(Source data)
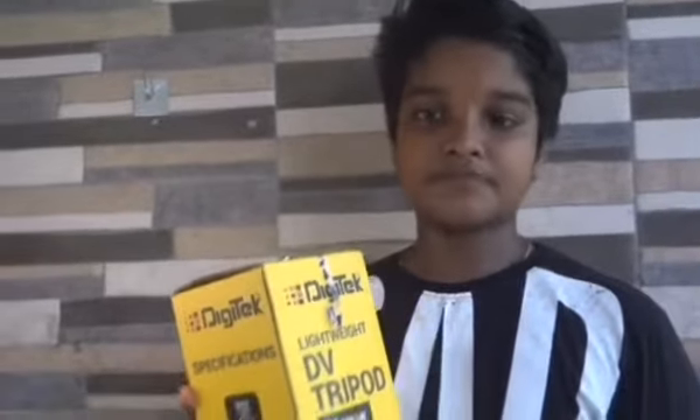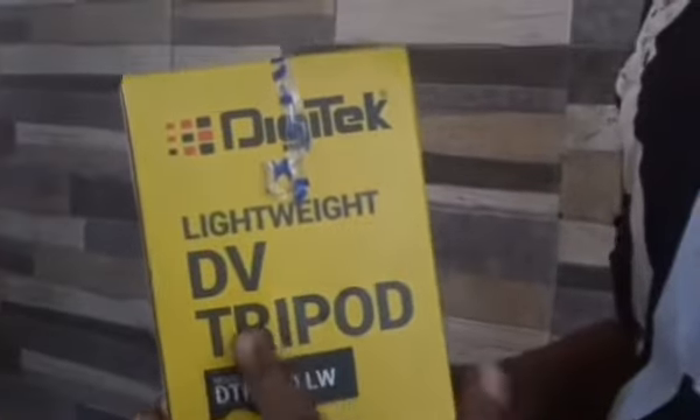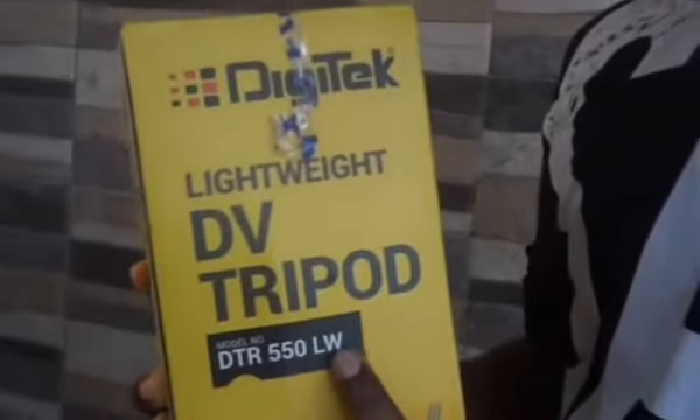Hi friends, welcome to the last video of Muscatrice Vlog. This is our tripod. I hope you liked this tripod. I have a lightweight DV tripod. This model is DTR550 LW.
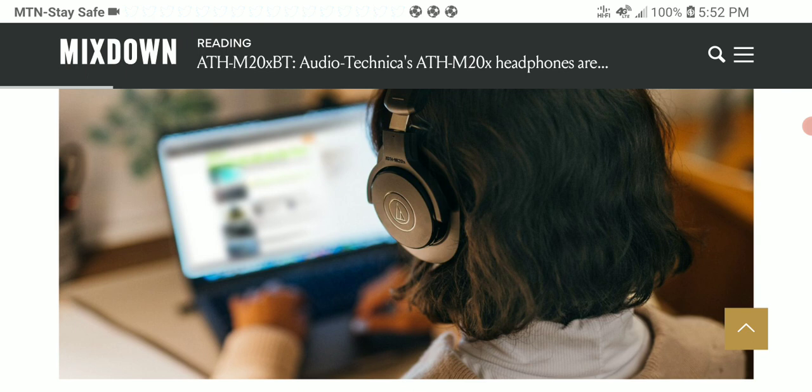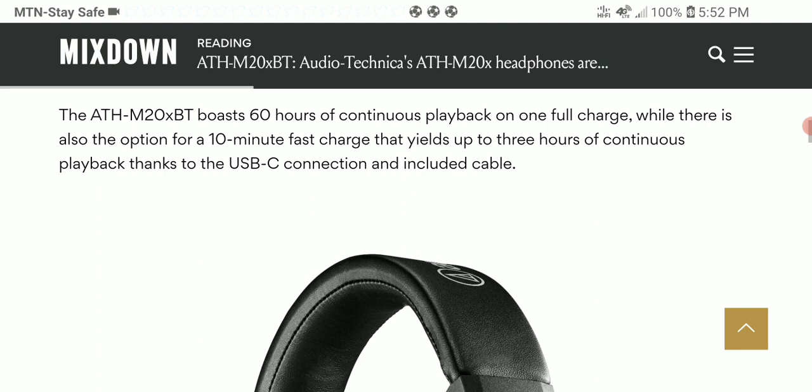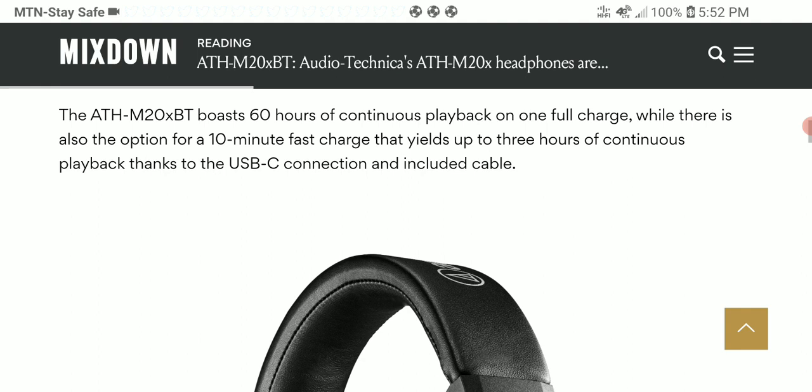Audio Technica knows how to produce headphones that perform pretty well. The M20XBT features a 40mm driver, and the company claims it delivers a neutral sound signature that should perform well for most people.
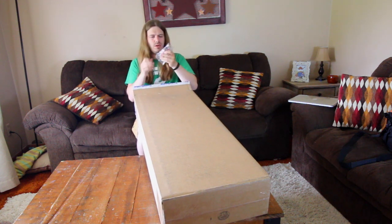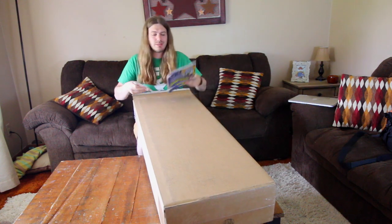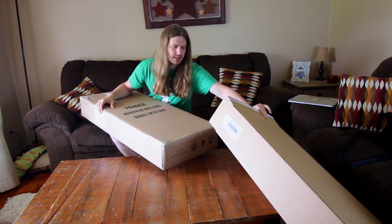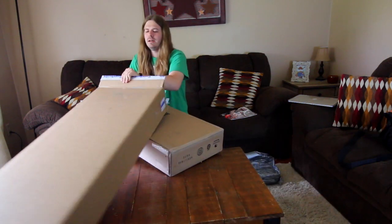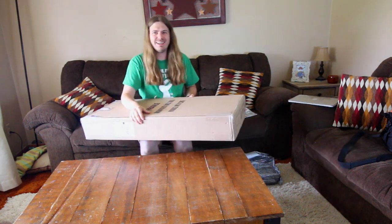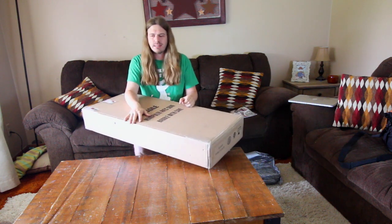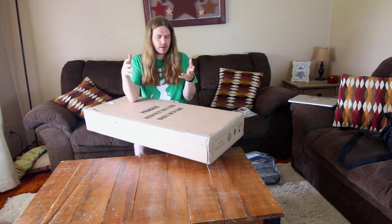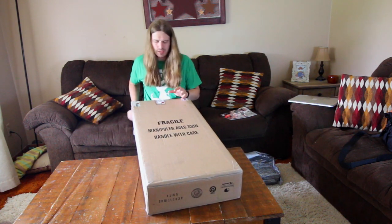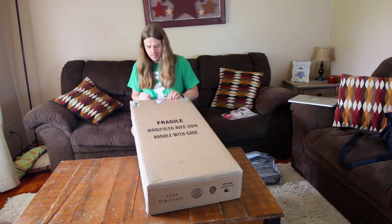The sweet tasty treats — one thing I will say that's cool about Sweetwater: I've gotten a lot of stuff from them over the years and I almost nailed the camera, that would have been so bad. But what I like is when you buy a guitar, they send you the actual photos they took of that guitar. I always thought that was such a cool personal touch that I haven't seen anybody else do.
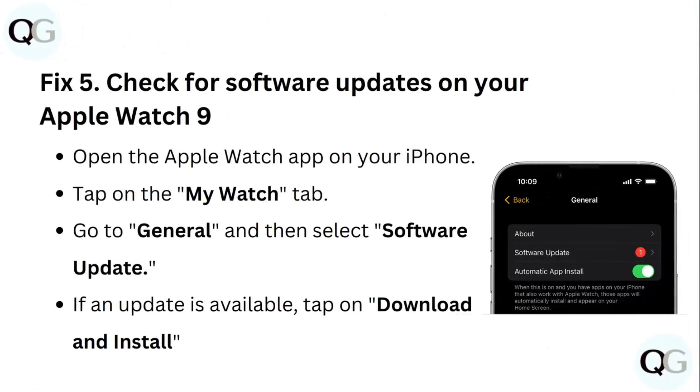Step 5: Check for software updates on your Apple Watch 9. Open the Apple Watch app on your iPhone. Tap the My Watch tab. Go to general and then select software update. If an update is available, tap on download and install.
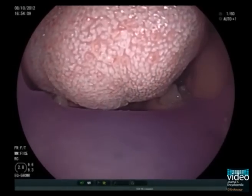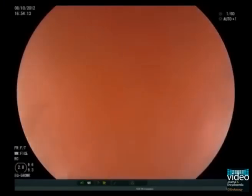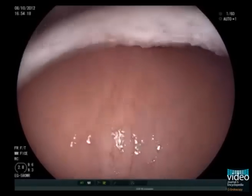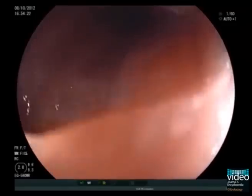We will perform upper endoscopy in a 62-year-old male patient with epigastric pain. First, put the tip of the endoscope on the patient's tongue. Under direct vision, guide the scope through the mouth. You can see the uvula at the 6 o'clock position.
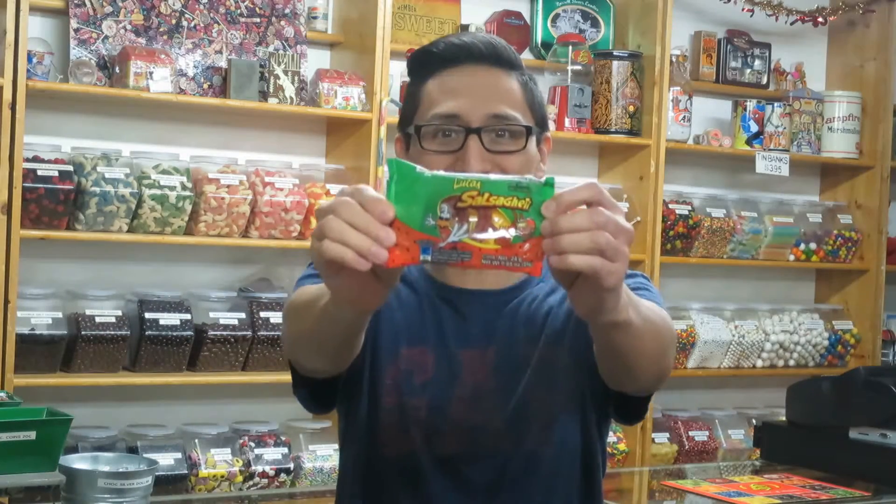Welcome back to my channel, The Candy Guy, where I talk about treats for the sweet tooth. Today I'm going to talk about Salsagheti.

Your task: Please reproduce the records above exactly, omitting every picture.

Answer box:
Hi friends, welcome to the last video of Muscatrice Vlog. This is our tripod. I hope you liked this tripod. I have a lightweight DV tripod. This model is DTR550 LW.
Audio Technica knows how to produce headphones that perform pretty well. The M20XBT features a 40mm driver, and the company claims it delivers a neutral sound signature that should perform well for most people.
The sweet tasty treats — one thing I will say that's cool about Sweetwater: I've gotten a lot of stuff from them over the years and I almost nailed the camera, that would have been so bad. But what I like is when you buy a guitar, they send you the actual photos they took of that guitar. I always thought that was such a cool personal touch that I haven't seen anybody else do.
Step 5: Check for software updates on your Apple Watch 9. Open the Apple Watch app on your iPhone. Tap the My Watch tab. Go to general and then select software update. If an update is available, tap on download and install.
We will perform upper endoscopy in a 62-year-old male patient with epigastric pain. First, put the tip of the endoscope on the patient's tongue. Under direct vision, guide the scope through the mouth. You can see the uvula at the 6 o'clock position.
Welcome back to my channel, The Candy Guy, where I talk about treats for the sweet tooth. Today I'm going to talk about Salsagheti.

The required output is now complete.